Ask HN: Best solution for hosting docker app - ciaoben

Hi, I am starting my path to the developer career. I&#x27;ve started using docker, it&#x27;s amazing and keep my work portable! I would like to know which is the best solution to host docker images for production. I&#x27;d prefer something more solid than DigitalOcean or other pay-per-use services!
======
puja108
If it's only about solidity DigitalOcean, AWS, and similar are ok for running
single-host instances of your dockerized apps. If you want to get into
clusters and scaling or are looking for a way to just take care of your
containers and not of the infrastructure anymore, there's not many ready-made
solutions, though. Amazon is working on ECS, and Google on GKE, but both are
in a very early invite only Alpha stage.
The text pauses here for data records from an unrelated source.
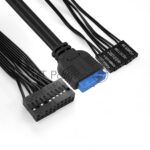 Компьютерный корпус Minitower ExeGate BA-204U-UNS350 (mATX, БП UNS350 с вент. 12см, 2*USB+2*USB 3.0, аудио, черный) 3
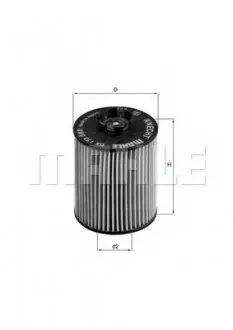 Масляный фильтр MAHLE / KNECHT OX173D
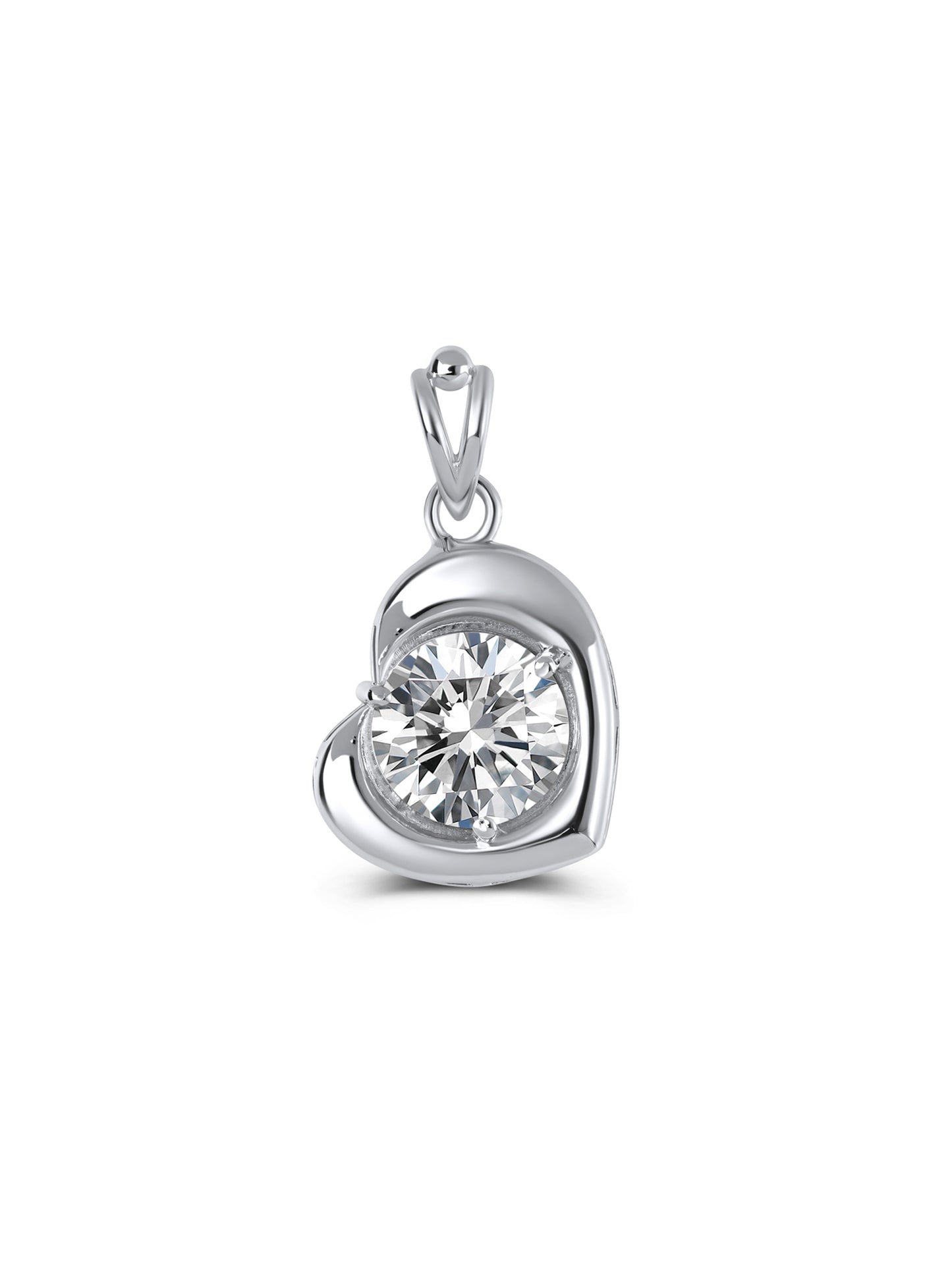 Stylish Tilted Heart Swarovski Pendant Set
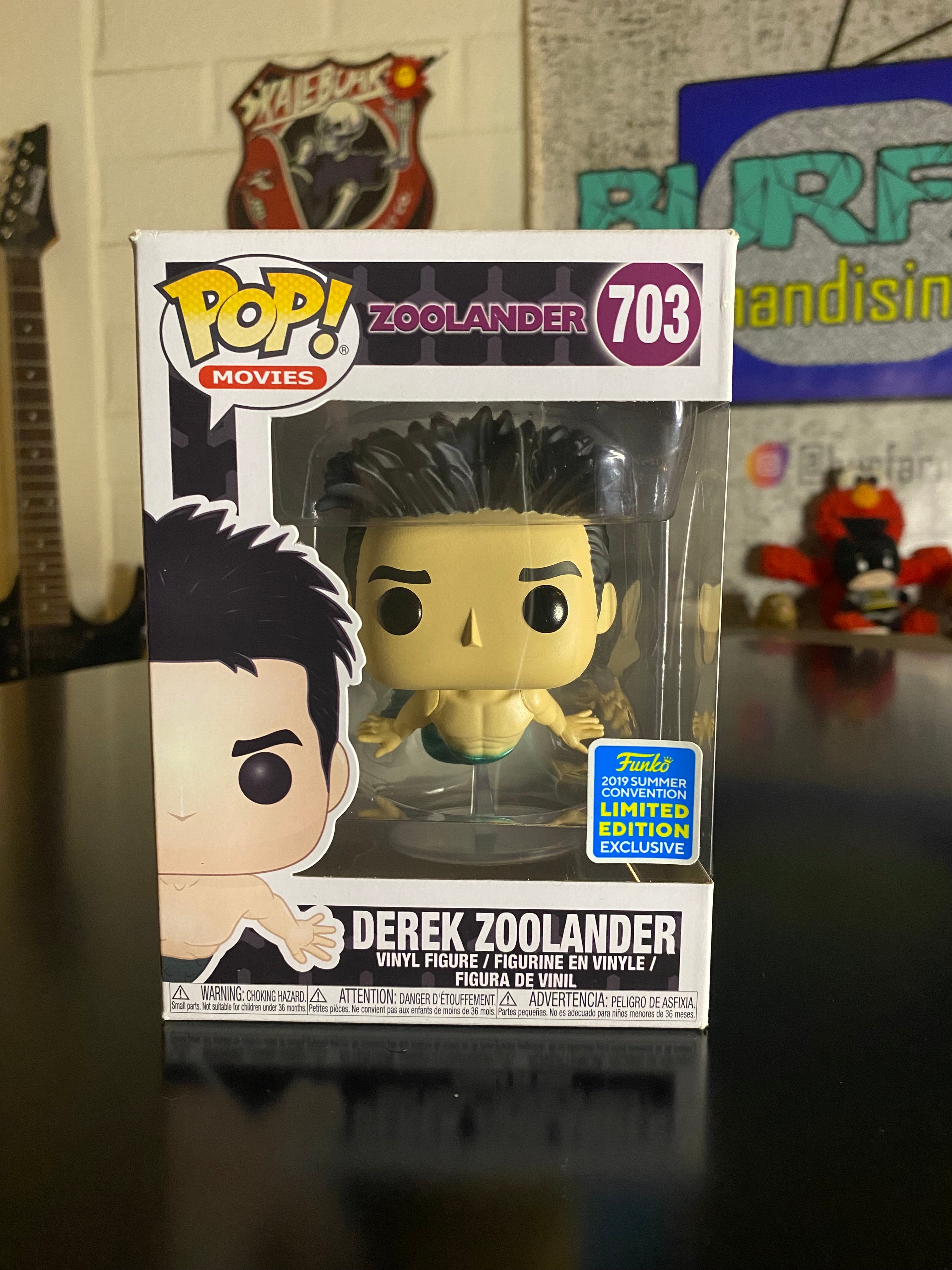 Funko Pop Derek Zoolander Exclusivo Summer Convention 2019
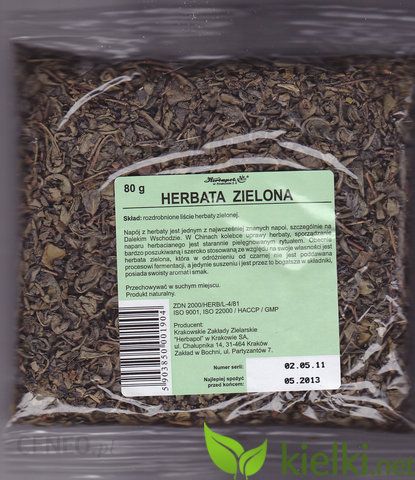 Herbapol zielona herbata liściasta 80g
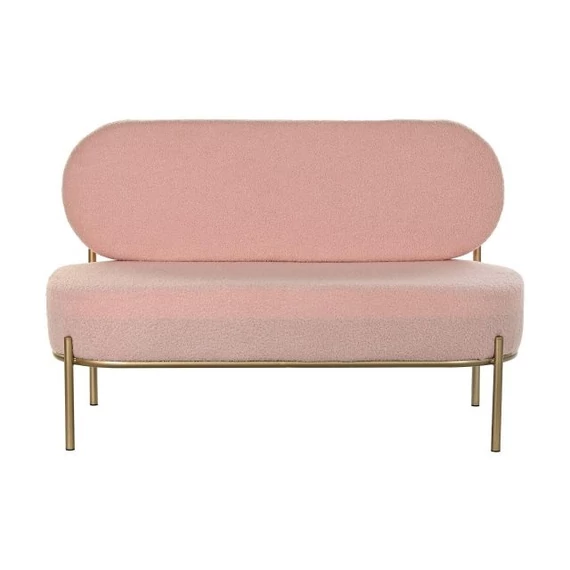 Kanapé poliészter, fém 120x61x79 cm pink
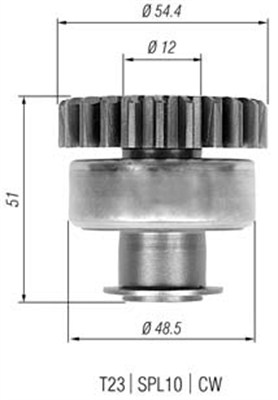 Hammaspyörä, käynnistys MAGNETI MARELLI 940113020328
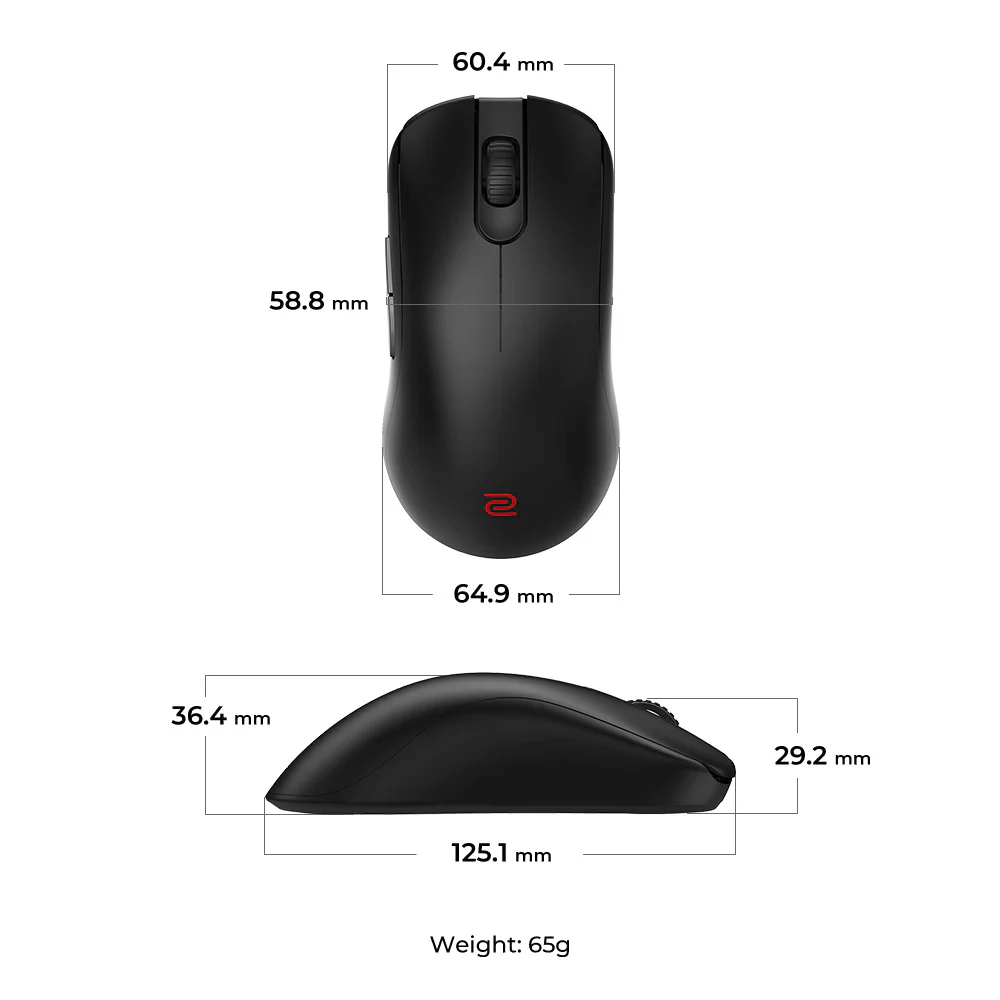 BenQ Zowie FK2-DW 4K Wireless Medium Size Gaming Mouse - Image 5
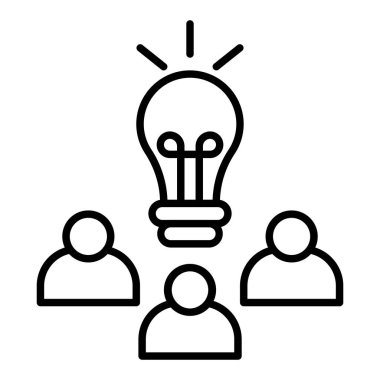 Coşku çizgisi simgesi, Basit Siyah ve Beyaz Vektör İllüstrasyonu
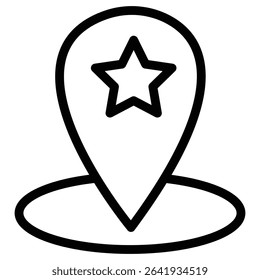 Favorite place icon Thin line vector design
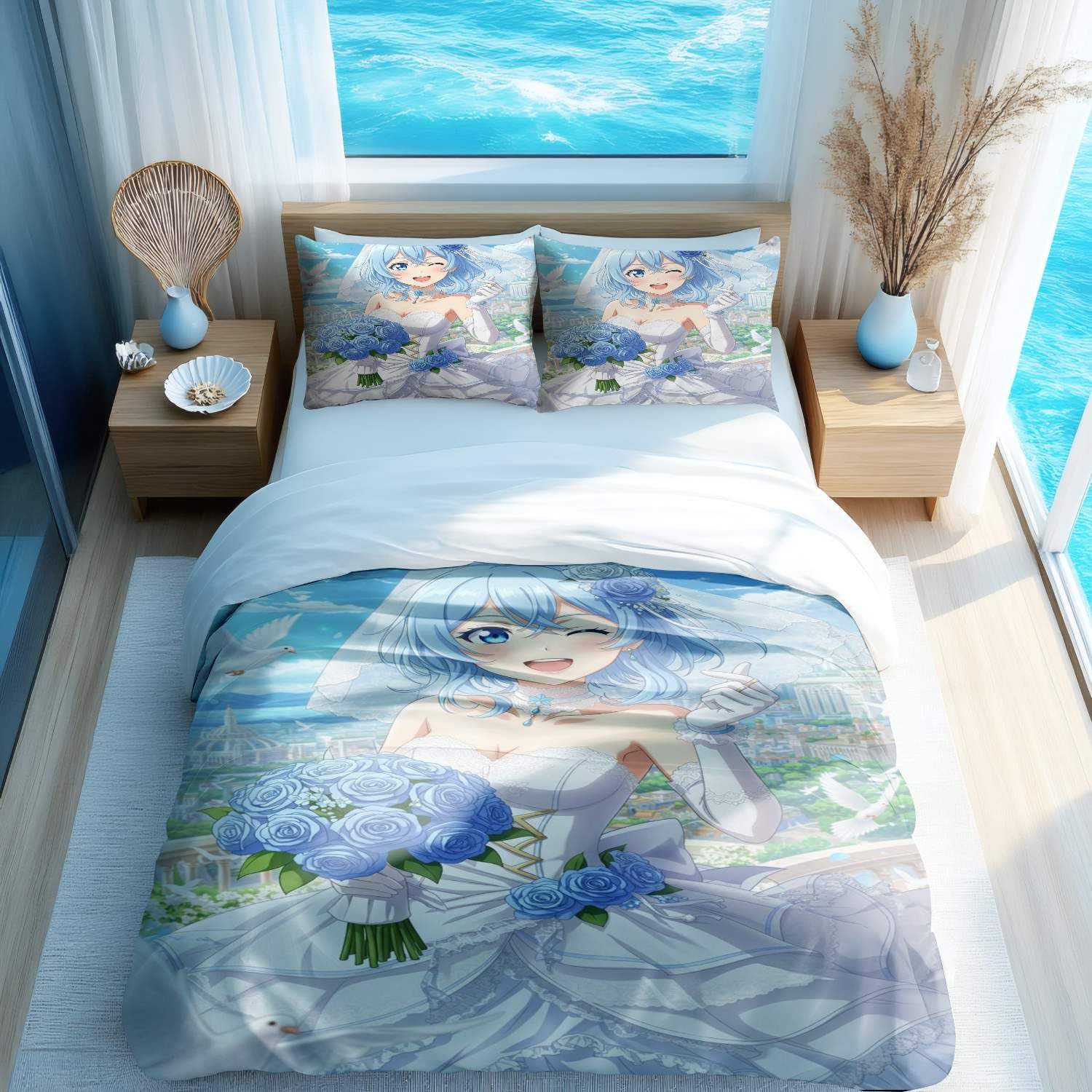 Parure de lit d'été 3 pièces tournesol pour chambre lumineuse 1 personne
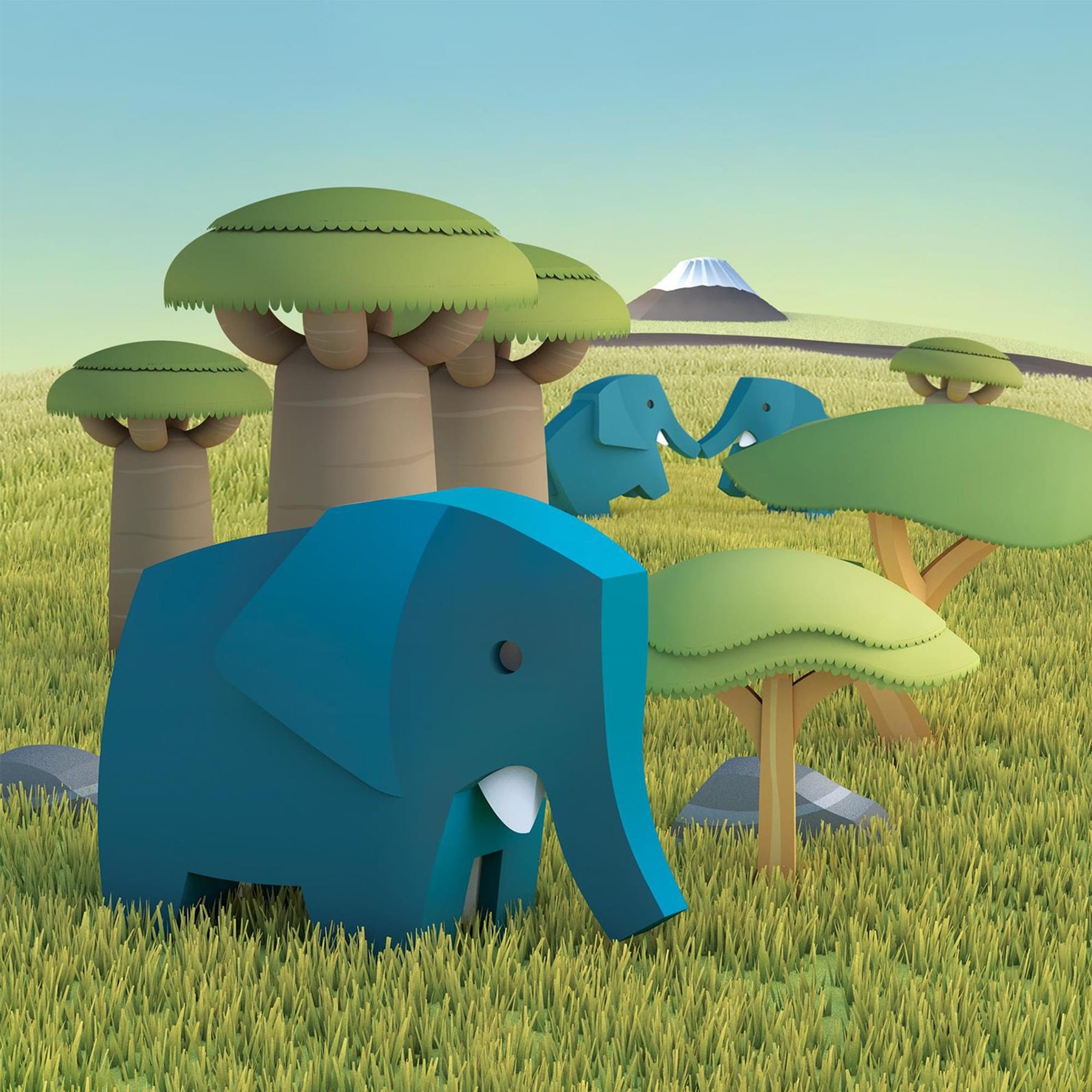 Animal Elephant Magnetic Puzzle Toy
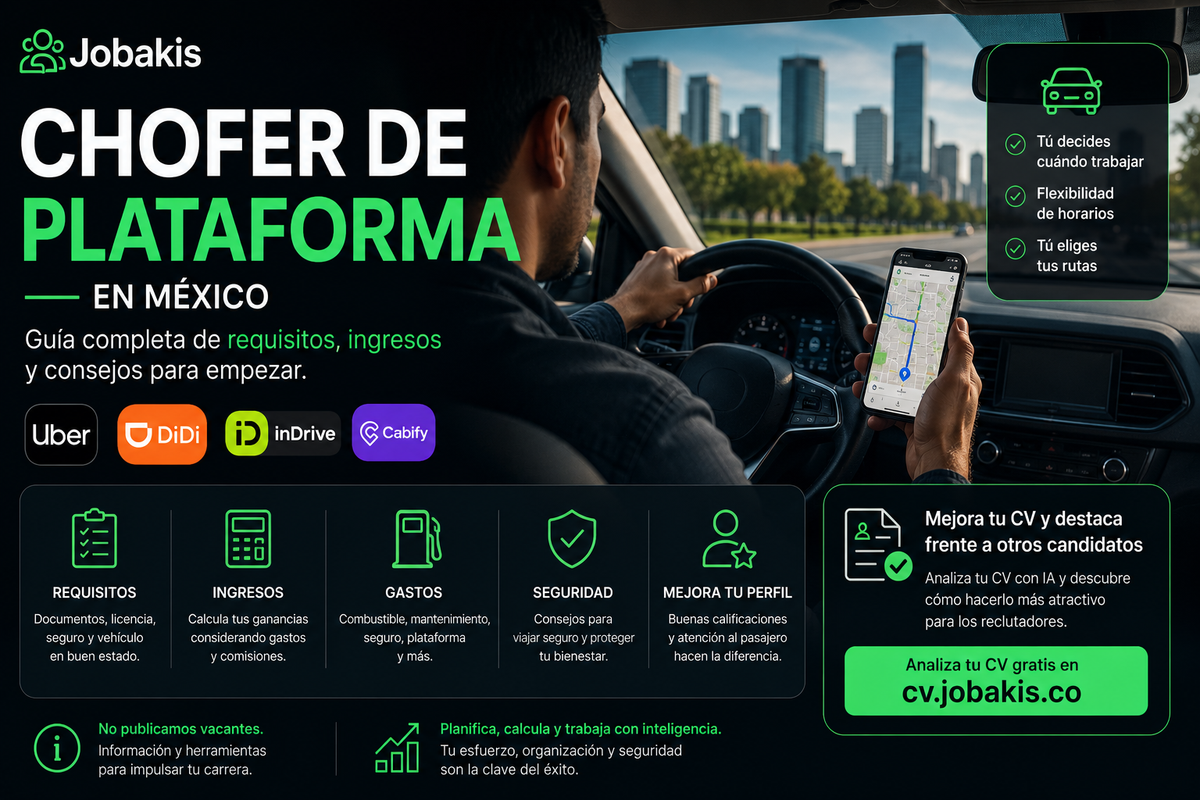 Chofer de Plataforma en México: Requisitos, Ingresos y Cómo Empezar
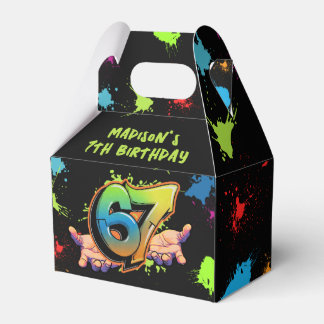 Graffiti Six Seven Birthday Favor Box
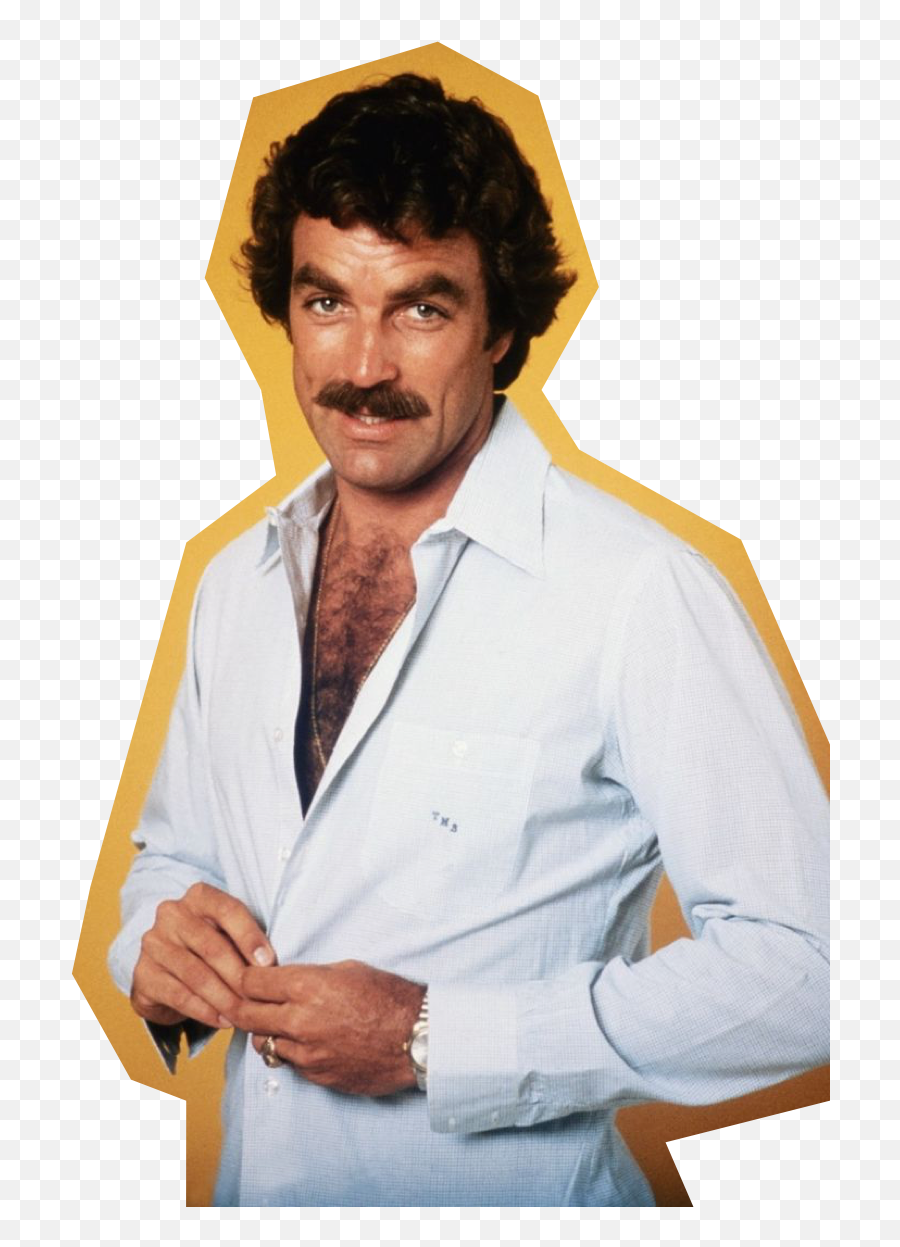 Taco Meat Chest Hair - Burt Reynolds Vs Tom Selleck Png,Chest Hair Png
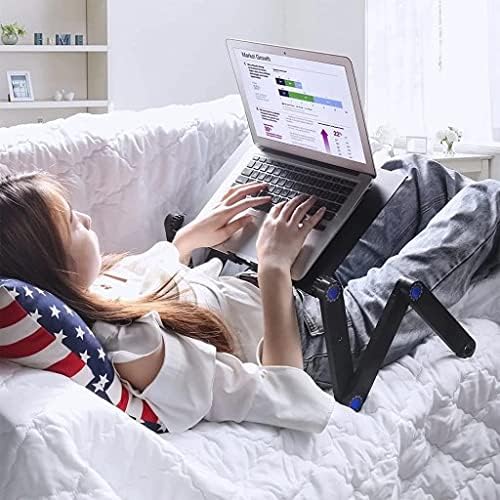 Retoo Laptoptisch fürs Bett, Laptop-Betttisch höhenverstellbar, Verstellbarer Laptop Ständer, Tragba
Other than those two, there's
currently only us at Giant Swarm
([http://giantswarm.io/](http://giantswarm.io/)) afaik. If you're interested
you can register for an invite and if you contact me directly, I could get you
the actual invitation a bit faster. Also note that there's quite a lot of
self-service solutions based on Mesos or Kubernetes, but then you're back at
managing your infrastructure yourself again and you still have to book
DigitalOcean or Amazon Servers.

------
trcollinson
Can you please elaborate on what you mean by "more solid than DigitalOcean or
other pay-per-use services"? I would dare say that DigitalOcean, AWS, Google
Cloud, and the like are quite solid and a great, cost efficient solution for
hosting a production application. They are also quite easy to use with docker
containers.

------
Gigablah
DigitalOcean is pretty solid so far. I've been monitoring uptime on my
instances for a year and while a relatively new datacenter like Singapore was
unstable for a while, I haven't gotten any alerts for the past few months.